In late June, Harsha Walia quote-tweeted a Vice news report regarding Catholic churches that had been burned, following the discoveries of hundreds of unmarked graves near the sites of former residential schools.
“Burn it all down,” Walia wrote.
On Friday, the British Columbia Civil Liberties Association announced Walia had resigned and that the board of directors had accepted her resignation “with heavy hearts.”
In a separate letter, the board of directors said, following Walia’s tweet, the organization faced “inexcusable racism and misogyny and threats to physical and mental safety.”
“We encountered a wave of hateful commentary, fueled by the fact that our executive director is a racialized woman leader.”
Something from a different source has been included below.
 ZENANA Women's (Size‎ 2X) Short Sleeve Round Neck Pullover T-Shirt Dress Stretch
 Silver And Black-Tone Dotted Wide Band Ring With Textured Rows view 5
Still, the association said
Walia’s tweet, “using a particular turn of phrase in that context” — ie. “burn it all down” — “left some people with the wrong impression about the values and principles to which we adhere.”
“We regret the misunderstanding that was caused by the tweet and apologize for the harm the words caused,” the letter said.
The initial tweet caused an uproar among right-wing bloggers and conservative commentators in Canada — and abroad.
Tucker Carlson, the Fox News host, dedicated a segment to church burnings, and called Walia “a monster” in his commentary, before moving on to former Liberal adviser Gerald Butts, who suggested in a tweet that the burning of churches might be “understandable.”
Throughout the drama, Walia has had her supporters; some suggested the idiomatic “burn it all down” had been misconstrued by her critics. In a piece written for The Tyee, Grand Chief Stewart Phillip, the head of the Union of B.C. Indian Chiefs, wrote that “burn it all down” is a call for decolonization not arson, and said the outrage is “pearl clutching.”